Retype, word for word, every line from the one holding "Ports — this" through the one holding "The guide also" in the entries below, both included, and only those lines.
DATA IN THIS EXERCISE START
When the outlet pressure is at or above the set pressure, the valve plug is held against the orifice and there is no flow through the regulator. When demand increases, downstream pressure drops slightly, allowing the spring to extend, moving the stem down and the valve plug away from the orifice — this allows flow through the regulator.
DATA IN THIS EXERCISE END
DATA IN THIS EXERCISE START
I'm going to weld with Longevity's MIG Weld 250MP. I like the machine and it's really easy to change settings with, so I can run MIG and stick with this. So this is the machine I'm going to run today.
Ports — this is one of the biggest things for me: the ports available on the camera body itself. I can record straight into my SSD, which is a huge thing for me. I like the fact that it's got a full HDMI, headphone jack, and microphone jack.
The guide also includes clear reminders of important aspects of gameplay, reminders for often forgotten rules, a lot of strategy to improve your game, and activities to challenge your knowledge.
DATA IN THIS EXERCISE END
[REPLY TO THE TASK]:
Ports — this is one of the biggest things for me: the ports available on the camera body itself. I can record straight into my SSD, which is a huge thing for me. I like the fact that it's got a full HDMI, headphone jack, and microphone jack.
The guide also includes clear reminders of important aspects of gameplay, reminders for often forgotten rules, a lot of strategy to improve your game, and activities to challenge your knowledge.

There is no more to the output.